If industrial man continues to multiply his numbers and expand his operations he will succeed in his apparent intention, to seal himself off from the natural and isolate himself within a synthetic prison of his own making. He will make himself an exile from the earth and then will know at last, if he is still capable of feeling anything, the pain and agony of final loss. He will understand what the captive Zia Indians meant when they made a song out of their sickness for home:

My home over there,

Now I remember it;

And when I see that mountain far away,

Why then I weep,

Why then I weep,

Remembering my home.

Down the river. Our boats turn slowly in the drift, we see through a break in the canyon walls a part of the Henry Mountains retreating to the northwest, last range in the United States to be named and explored and mapped. Mount Ellsworth, one of the lower peaks, is the one we see, rising sharp and craggy against the sky, a laccolithic dome of varicolored sedimentary and igneous rock (part of the intrusion now exposed by erosion) furred over with a growth of pinyon pine, juniper and jackpine at the highest elevations. The flowers we cannot see but easily imagine will also be blooming up there in the cool—larkspur, lupine, Indian paintbrush, the Sego lily, perhaps a few columbines.

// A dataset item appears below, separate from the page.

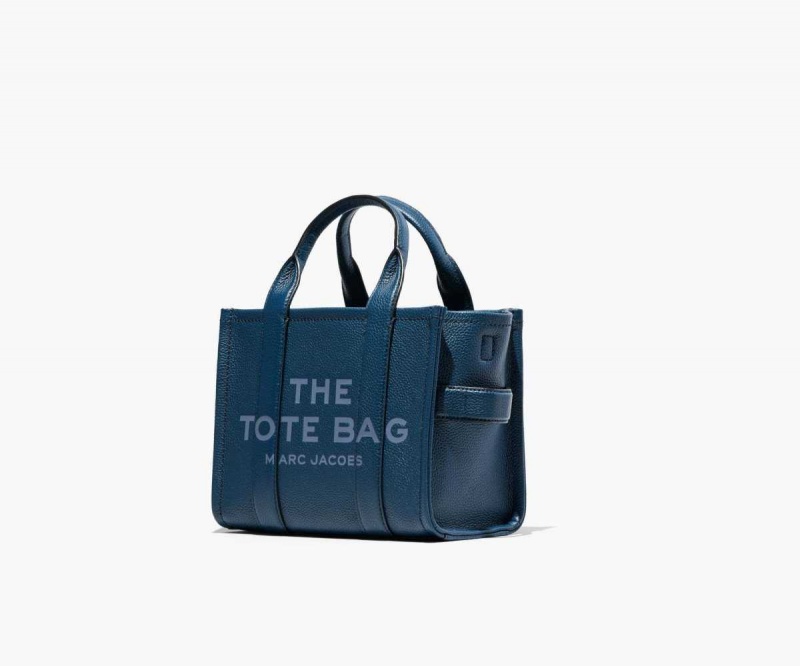Blue Sea Women's Marc Jacobs Leather Mini Tote Bags | USA000062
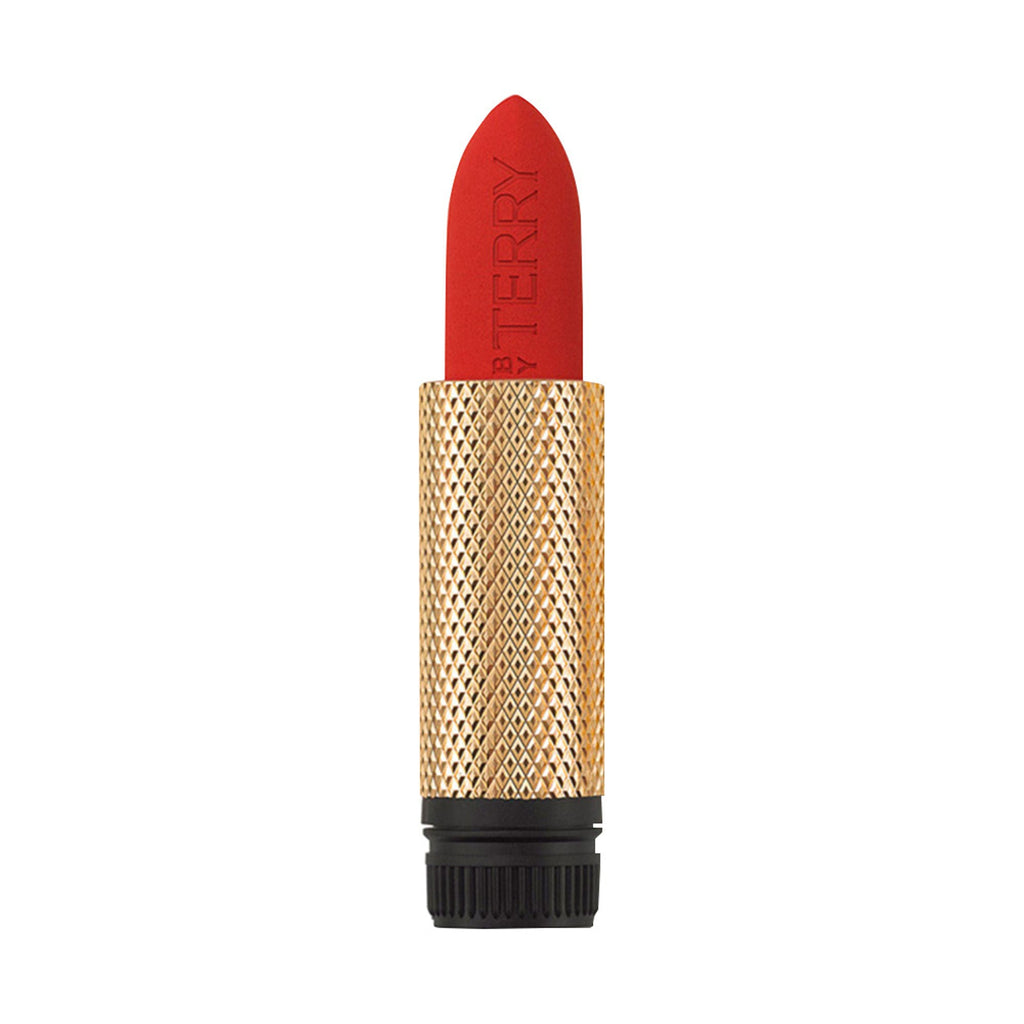 By Terry Refill Rouge Opulent Lipstick - 6.Red Alert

The boats continue to turn, and facing downriver now we see to the southwest, far beyond the opening in the cliffs, a kind of convulsed hump in the earth’s stony crust. It is the southern end of the Waterpocket Fold, a fifty-mile-long monocline or ridge of warped sandstone, eroded along its base into triangular studs of naked rock that look, from here, like the teeth of a mowing machine. This will be our only glimpse of a weird area that is sure to be, someday, another national park complete with police, administrators, paved highways, automobile nature trails, official scenic viewpoints, designated campgrounds, Laundromats, cafeterias, Coke machines, flush toilets and admission fees. If you wish to see it as it should be seen, don’t wait—there’s little time. How do you get there? Well, I couldn’t tell you.

A little after noon, when the surface of the river is gleaming under the sun like molten amber, we see an abandoned mining camp ahead of us on the eastern shore. We paddle hard to port and beach our craft on a steep and slippery mud bank, tethering it to a stout willow tree.

While Ralph makes himself comfortable in the shade, happy to take a siesta—he is one of those fortunates who can sleep at will or stay up talking and drinking till dawn, like Socrates, if he prefers— I go on up beyond the vegetated shore to the ledge of barren redrock on which the camp is situated.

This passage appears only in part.